Military exercises with US begin in West Africa
Military exercises bringing together armed forces from Africa and Europe under US supervision began in Burkina Faso on Monday, aimed at reinforcing the continent's fight against extremist groups.
The exercises "will facilitate regional cooperation on security and the fight against terrorist organisations," Anthony Holmes, deputy commander of civilian-military activities for Africom, the US military command for Africa, said in Ouagadougou.
The exercises will run in the Sahel-Saharan region and neighbouring countries of West Africa until May 22.
The Sahel-Saharan area has been a base for several years for Al-Qaeda in the Islamic Maghreb (Aqmi), which has seized Western hostages. It is also a zone plagued with drugs and human trafficking.
About 1,200 soldiers will take part in the exercises, including 600 US Special Forces, and some 400 African and 150 European troops.

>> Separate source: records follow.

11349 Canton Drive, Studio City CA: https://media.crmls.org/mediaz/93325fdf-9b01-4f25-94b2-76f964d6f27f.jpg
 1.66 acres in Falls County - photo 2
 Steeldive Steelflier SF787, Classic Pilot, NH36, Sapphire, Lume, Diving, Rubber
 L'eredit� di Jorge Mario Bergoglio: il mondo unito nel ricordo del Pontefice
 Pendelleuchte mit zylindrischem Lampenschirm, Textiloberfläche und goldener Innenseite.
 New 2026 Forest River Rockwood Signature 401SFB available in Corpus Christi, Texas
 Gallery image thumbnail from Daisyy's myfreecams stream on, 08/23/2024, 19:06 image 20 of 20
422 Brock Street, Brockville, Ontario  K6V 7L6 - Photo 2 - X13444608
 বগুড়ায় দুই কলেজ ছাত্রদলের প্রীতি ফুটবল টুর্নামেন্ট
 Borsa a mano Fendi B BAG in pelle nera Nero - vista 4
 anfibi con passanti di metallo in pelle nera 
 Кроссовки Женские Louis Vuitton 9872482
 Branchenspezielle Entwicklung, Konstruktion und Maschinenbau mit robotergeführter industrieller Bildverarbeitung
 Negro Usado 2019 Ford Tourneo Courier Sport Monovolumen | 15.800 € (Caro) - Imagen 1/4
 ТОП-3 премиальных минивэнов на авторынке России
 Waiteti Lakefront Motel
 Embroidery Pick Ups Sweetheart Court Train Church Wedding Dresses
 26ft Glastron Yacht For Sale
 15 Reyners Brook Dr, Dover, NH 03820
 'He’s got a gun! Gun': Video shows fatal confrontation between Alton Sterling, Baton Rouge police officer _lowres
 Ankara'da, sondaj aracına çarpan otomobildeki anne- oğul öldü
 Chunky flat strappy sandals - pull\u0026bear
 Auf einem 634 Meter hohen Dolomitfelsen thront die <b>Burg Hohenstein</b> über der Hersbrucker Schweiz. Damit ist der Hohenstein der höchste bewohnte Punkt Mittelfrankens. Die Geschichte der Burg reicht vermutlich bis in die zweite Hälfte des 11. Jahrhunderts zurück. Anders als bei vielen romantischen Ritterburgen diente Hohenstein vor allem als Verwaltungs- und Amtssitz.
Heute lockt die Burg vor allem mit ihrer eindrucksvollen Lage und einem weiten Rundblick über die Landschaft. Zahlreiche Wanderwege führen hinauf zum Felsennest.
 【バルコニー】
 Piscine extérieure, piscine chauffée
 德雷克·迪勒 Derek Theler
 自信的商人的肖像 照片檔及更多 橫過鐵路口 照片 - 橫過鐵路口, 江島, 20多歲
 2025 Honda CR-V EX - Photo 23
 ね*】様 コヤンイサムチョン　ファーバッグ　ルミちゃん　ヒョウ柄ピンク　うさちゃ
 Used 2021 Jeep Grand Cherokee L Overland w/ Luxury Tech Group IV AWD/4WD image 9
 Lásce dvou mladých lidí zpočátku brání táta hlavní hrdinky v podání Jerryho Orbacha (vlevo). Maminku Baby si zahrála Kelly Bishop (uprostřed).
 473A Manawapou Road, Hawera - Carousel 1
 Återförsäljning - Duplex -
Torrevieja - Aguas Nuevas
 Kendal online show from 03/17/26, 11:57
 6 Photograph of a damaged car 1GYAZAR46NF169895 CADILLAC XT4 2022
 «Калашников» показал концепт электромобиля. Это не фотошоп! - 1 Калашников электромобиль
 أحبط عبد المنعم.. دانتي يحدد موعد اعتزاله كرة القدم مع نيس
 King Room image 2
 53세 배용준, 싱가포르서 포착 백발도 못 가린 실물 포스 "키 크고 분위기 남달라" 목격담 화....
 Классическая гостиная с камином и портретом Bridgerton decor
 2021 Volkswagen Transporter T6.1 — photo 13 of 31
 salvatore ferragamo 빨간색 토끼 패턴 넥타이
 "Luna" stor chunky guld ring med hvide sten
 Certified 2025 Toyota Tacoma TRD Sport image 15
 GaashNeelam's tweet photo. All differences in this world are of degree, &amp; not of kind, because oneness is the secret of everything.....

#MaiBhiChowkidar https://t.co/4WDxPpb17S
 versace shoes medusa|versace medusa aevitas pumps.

Besides the hosts, the other African countries participating in the operation include Algeria, Mali, Morocco, Mauritania, Nigeria, Senegal, Chad and Tunisia, with European contingents from Belgium, Spain, France, Britain and the Netherlands.
Burkina Faso's Defence Minister Yero Boly said the exercises would establish a strategy for the countries in the region aimed "at the eradication of terrorism and trans-border criminality of all kinds," he said.
Boly also sought to quash rumours declaring that "Burkina Faso never proposed establishing an American military base or becoming the headquarters for Africom," he told journalists.
Holmes also stated that Africom would remain based in Germany.
Washington had tried to headquarter Africom on the continent when it was created in 2007, but was turned down by several African countries including Algeria and Nigeria.